Specifically, Beh et al [18] found positive relationships among performance expectancy, effort expectancy, facilitating conditions, and hedonic motivation and behavioral intention to use smartwatches for fitness and health monitoring purposes. The authors postulated that perceived vulnerability to developing chronic diseases and perceived severity of chronic diseases would moderate the effects but found only weak support for their hypotheses. Dhiman et al [19] found that effort expectancy, social influence, price value, and habit were positively related to fitness app adoption intentions. They considered self-efficacy to be a predictor of effort expectancy and innovativeness as a predictor of habit; both relationships were significant. Yuan et al [30] did not consider any mediators and found that performance expectancy, hedonic motivation, price value, and habit were predictors of behavioral intentions to continuously use health and fitness apps; however, effort expectancy, social influence, and facilitating conditions were nonsignificant predictors. These studies have important limitations. First, the downstream effects on intentions of being physically active were not assessed in any of the studies. The linkage of fitness app usage intentions and intentions of being physically active is important, because health benefits can only be realized if intended app usage motivates people to become or remain physically active.
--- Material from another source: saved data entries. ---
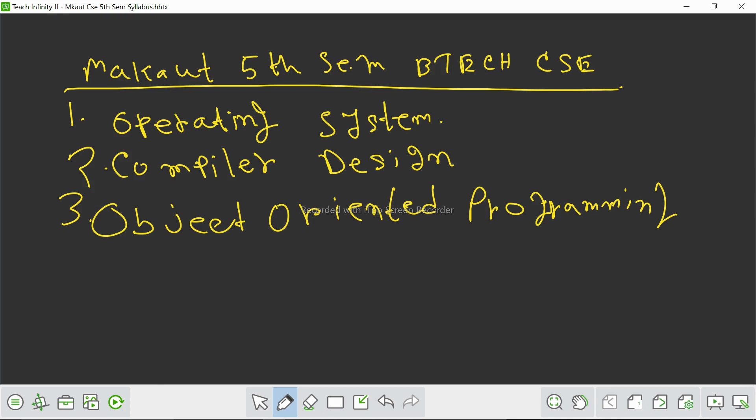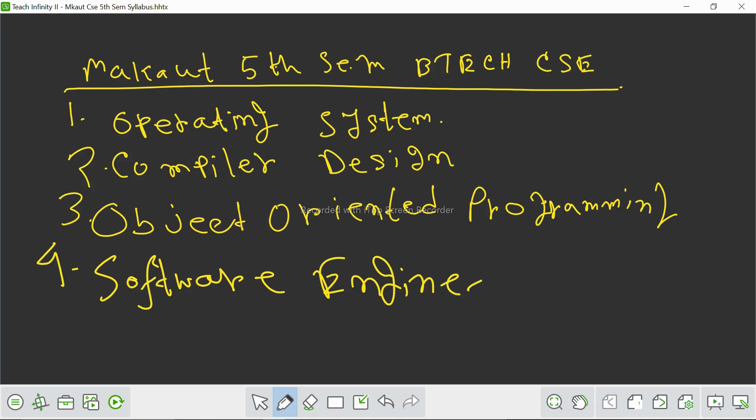Our fourth subject is a very interesting and new subject: software engineering. This subject bridges the gap between theory and practice. We will learn about the software development life cycle, requirement engineering, software testing, and project management methodologies. This subject equips us with the skills to design, develop, and maintain large-scale software systems effectively. Software engineering emphasizes teamwork, communication, and problem solving, which are crucial for success in the software industry.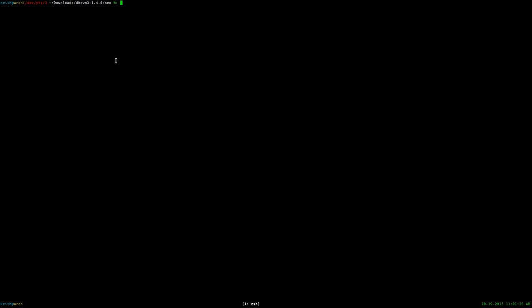Congratulations, DHewm3 is now installed. But if you try to run it, you don't have the game data files yet, so it's not going to work. There are two ways to get the game data files for Doom 3. If you have Windows installed alongside Linux, you can log into Windows, install Doom 3 via Steam, boot back into Linux, mount the Windows partition, change into the Steam installation directory, find the Doom 3 game files, and copy them over to the directory they need to be in.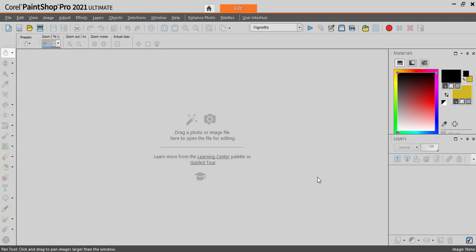When searching for new resources for PaintShop Pro, you might come across some resources that are actually made for Photoshop only. If you are looking for gradients, you can import most of the Photoshop gradients into PaintShop.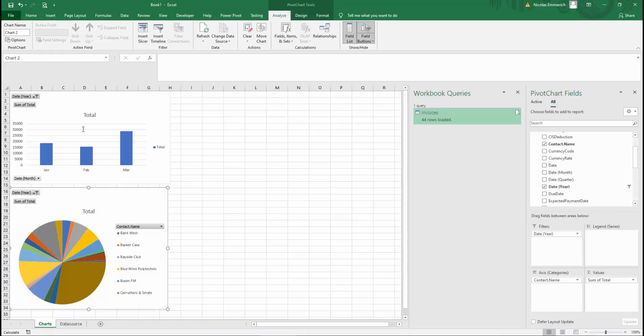And that's the last step to pull data from Xero into Excel. I hope you found this video interesting and I'll speak with you soon. Take care.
Second, none of the studies considered app features to be relevant moderators, despite the fact that previous research showed that app features, such as gamification, might moderate the effects of UTAUT2 determinants on app usage intentions [31], and despite the fact that the consideration of risk perception factors (instead of app features) was largely unsuccessful [18]. Third, only one study assessed the moderating roles of age, gender, and experience. However, the authors did not include these variables in the model because of nonsignificant findings [30]. Thus, important similarities with, and differences to the original UTAUT2 studies regarding the influence of age, gender, and experience remain largely unknown. This study aims to fill these gaps partly.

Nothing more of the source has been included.